First of all one interesting thing is our sigmoid function. All that this does is transform a value we enter (say 12) into a value between 0 and 1 along an "s-shaped" curve.

This is our way of normalising values from extremes to something more uniform and always positive.

After further reading there are other options here on how we change a value to between 0 and 1, but I have not explored them fully yet (for example ReLU.

I am sure there are some very good explanations why this is needed, but in my monkey brain this is just the way of keeping values between 0 and 1 so that the multiplication stays within a certain bounds and the values are "flattened".

That way you don't get "runaway" paths between neurons that are overly strong.

For example, imagine you had a connection with a weight of 16 and one with a weight of 1, using our sigmoid function we can reduce that from a difference of 16 times to a difference of about 35% (sigmoid(1) is 0.73 and sigmoid(16) is 0.99 after running through our function).

It also means that negative values are turned positive.

So running values though our sigmoid function means that negative numbers get transformed to a value between 0 and 0.5, a value of 0 becomes exactly 0.5 and a value greater than 0 becomes a value between 0.5 and 1.

Graphic depicting a sigmoid curve between two dotted lines. There is a dashed line in the middle to denote 0.5. Neon glow styling on dark background.

If you think about it, that makes sense as the second we start multiplying negative and positive numbers together we can massively change our output.

For example, if we have a single negative neuron in a path of 100 and the rest are positive, this changes a strong value to a weak one and is likely to cause issues.

Anyway, as I read more and experiment more I am sure I will understand this part better!

Did I need biases?

The second interesting thing is the output[i] += this.bias[i];.

Well, in this neural network, all 4 outputs are equally important and we have no hidden neurons, so I later removed this to simplify the code!

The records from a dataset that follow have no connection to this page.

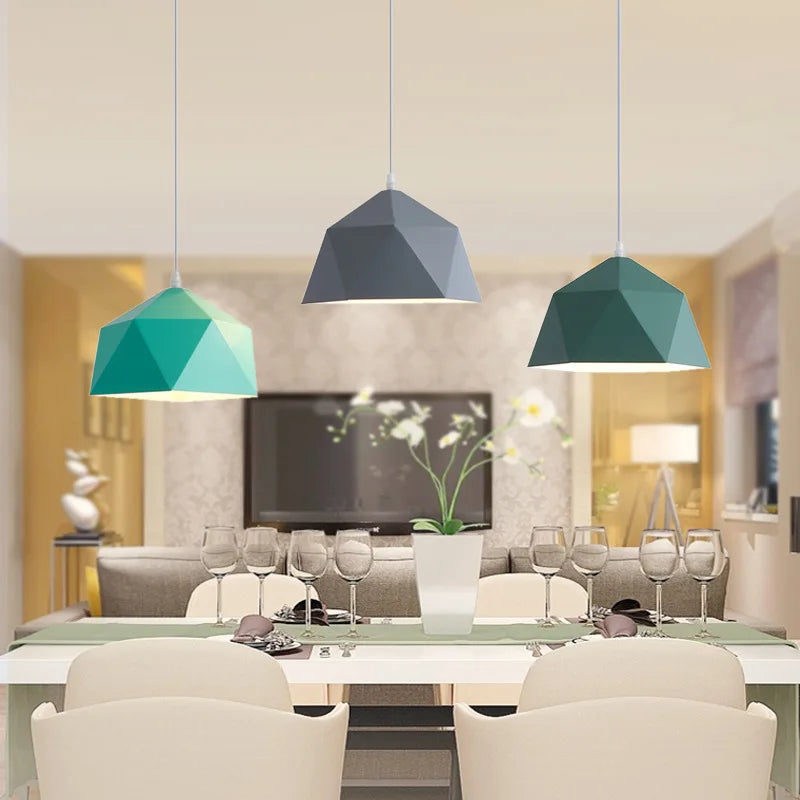 lustre nordique macarone géométrique led décoratif suspendu - vue 3 sur 13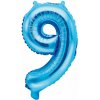 PartyDeco Fóliový balón Mini - Číslo 9 modrý 35cm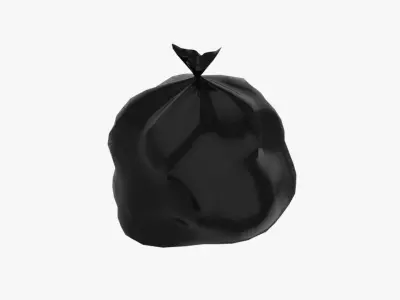 Tied Closed Black Plastic Trash Rubbish Garbage Bags 3D model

Ironically though, on our more complex neural network, I needed to re-add the biases on the output neurons, due to how the network back propagation was working. Otherwise one output neuron activated all the time.

What I could not work out is whether this was a necessary step, or whether I made a mistake with my neural network and this was compensating for it.

Yet again, I want to remind you, I am still learning and only just grasp the basics, so I have no idea which it is! 🀣

We are nearly there

The rest of the code above is reasonably straight forward. We are just multiplying each input by a weighting associated with each output (and adding our unnecessary bias!).

In fact, we can run this now, but out results will be atrocious! Let's fix that!

Time to train!

Ok last important part of a neural network, training it!

Now as this article is getting long, I will just cover the main points of the following training code (which took me nearly an hour to write by the way...I told you I am a noob at this!)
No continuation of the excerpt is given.